Many applications and industrial processes may necessitate the storage of large amounts of gases at high pressures. These compressed gases could be extremely dangerous if unintentionally released. since they could be poisonous or combustible when mixed with air. This research seeks to create a CFD model and undertake an analytical investigation of the process of de-pressurization of high-pressure gas from a vessel. The vessel to be studied is used in a pneumatic power system used to operate the control surface of a flying vehicle. The study involved two working fluids (nitrogen and helium). The discharging process is considered as a typical mass and heat transfer problem solved analytically by adopting The First Law of Thermodynamics to an unsteady flow control volume and simulated by employing transient flow analysis to the CFD model.

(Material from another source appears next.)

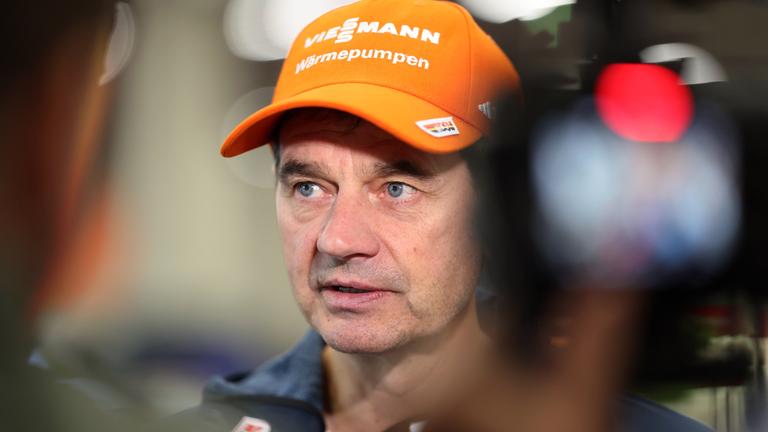 Stefan Horngacher, Bundestrainer der deutschen Skispringer, verkündet bei der Einkleidung der DSV-Athleten, zum Ende der kommenden Olympia-Saison 2025/26 sein Amt abzugeben.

The research was carried out on 440 bars (absolute pressure) of pressurized gas vessels. Working gases for the study included nitrogen and helium. Analytical solution results for the two different gases have been compared with the CFD simulation results to assess the CFD model’s accuracy. A good match is achieved when the gas temperature, pressure, density, and outlet mass flow rate variations are compared. The results demonstrated a good match between the CFD and analytical data, proving the validity of the CFD model.